Directions for this task:
Recreate the listing that follows line for line, without pictures.

Stored data:
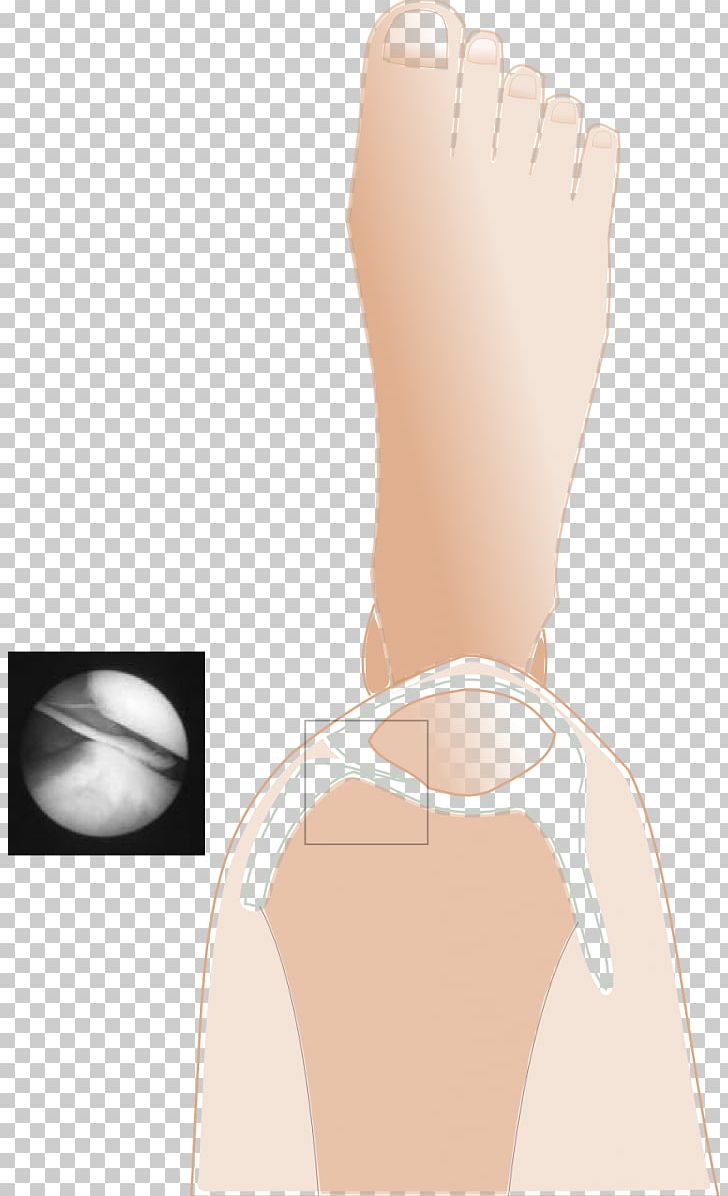 Thumb Plica Syndrome Knee Pain Patella PNG, Clipart, Active Undergarment, Arm, Chin, Finger, Get Elastic Free PNG Download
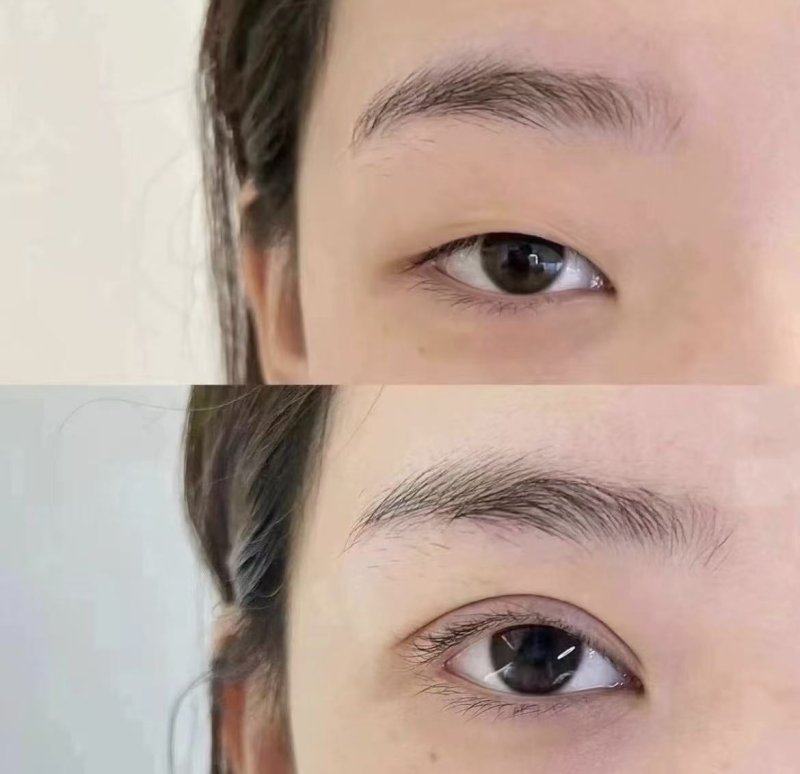 张久辉医生技术优势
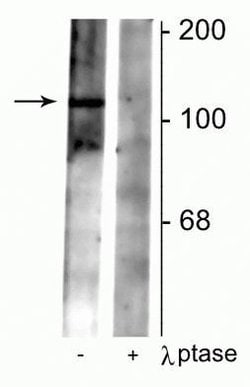 Invitrogen Phospho-GABBR2 (Ser783) Polyclonal Antibody 100 &mu;L | Buy Online | Invitrogen&trade; | Fisher Scientific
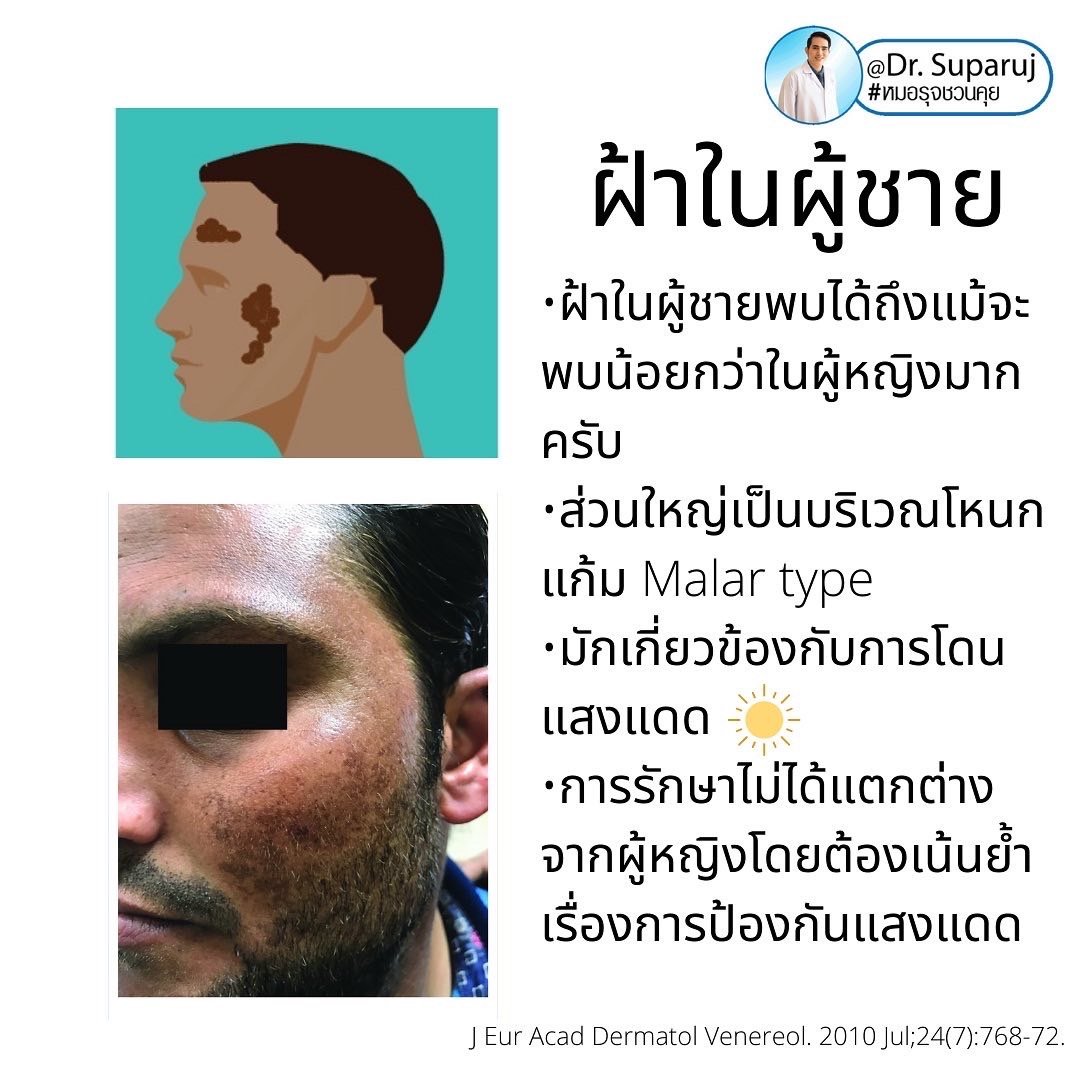 ฝ้าในผู้ชายต่างกับผู้หญิงอย่างไร? รักษาต่างกันอย่างไร? ฝ้าในผู้ชายต่างกับผู้หญิงอย่างไร? รักษาต่างกันอย่างไร?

Expected answer:
 Thumb Plica Syndrome Knee Pain Patella PNG, Clipart, Active Undergarment, Arm, Chin, Finger, Get Elastic Free PNG Download
 张久辉医生技术优势
 Invitrogen Phospho-GABBR2 (Ser783) Polyclonal Antibody 100 &mu;L | Buy Online | Invitrogen&trade; | Fisher Scientific
 ฝ้าในผู้ชายต่างกับผู้หญิงอย่างไร? รักษาต่างกันอย่างไร? ฝ้าในผู้ชายต่างกับผู้หญิงอย่างไร? รักษาต่างกันอย่างไร?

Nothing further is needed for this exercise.